My wedding reception was in a bar, spilling out onto the decks on a beautiful September afternoon. I just got back from New Orleans and spent some quality time at Pat O’Brien’s, a place I associate with wonderful Mardi Gras trips throughout the years.
My friends Joe and Donna met in a bar and got married within a year. I’ve celebrated births, deaths and everything in between in bars.
Plenty of friends over the years worked in bars, and a few even owned bars. I’ve won bets in a bar, gotten into fights at a bar, had my picture put on the wall at a bar, carved my initials into a table in a bar and carried people out of a bar on my shoulder.
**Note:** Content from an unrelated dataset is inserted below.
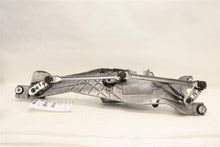 Load image into Gallery viewer, WINDSHIELD WIPER MOTOR Hyundai Equus 11 12 13 14 15 16 - 1355191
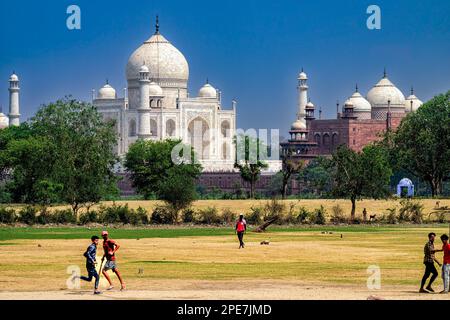 Giocare cricket di fronte al Taj Mahal in Agra Foto Stock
I’ve played pool, darts, pinball, cards, bocce ball, basketball and sand volleyball in bars, plus all manner of trivia contests and crazy old-time mechanical games. I have a go-to bar trick I pull out when people start challenging each other.
I’ve had Guinness in a pub in Dublin, port in a fado bar in Lisbon, chianti in a sidewalk cafe in Rome, hurricanes at Pat O’s and Hudy Delight at the Crow’s Nest.
I’ve seen lots and lots of bands at bars. Incredible bands, musicians doing their very first live show, guys covering James Taylor on an outdoor patio, a young man singing “Danny Boy” on St. Patrick’s Day at Arnold’s when the courtyard was so quiet you could hear a pin drop, except for the old men (and me) crying.
I’ve found amazing songs on juke boxes in bars, songs I thought no one else liked, and I played them over and over. I haven’t sang karaoke at a bar and hopefully never will.
I’ve watched Super Bowls, World Series games, college bowl games, championship fights, the Olympics, World Cup matches and NCAA basketball tournaments at bars. I’ve seen English Premiership soccer at 8 a.m. at Hap’s, and I’ve watched way too many meaningless sports events at way too many bars because nothing else was on the big screen TV.
(On a side note, in the few instances when my favorite team plays for a championship, such as the Phillies in last fall’s World Series, I always watch the games at home. I can’t be in a bar full of strangers at such an important time. Weird.)
I have friends who can’t or won’t go to bars. Some stopped going because they had a drinking problem, some because they hated coming home smelling like smoke and others because they just weren’t very social.
Bad things happen occasionally in bars, and very bad things can happen when people leave bars drunk and try to drive.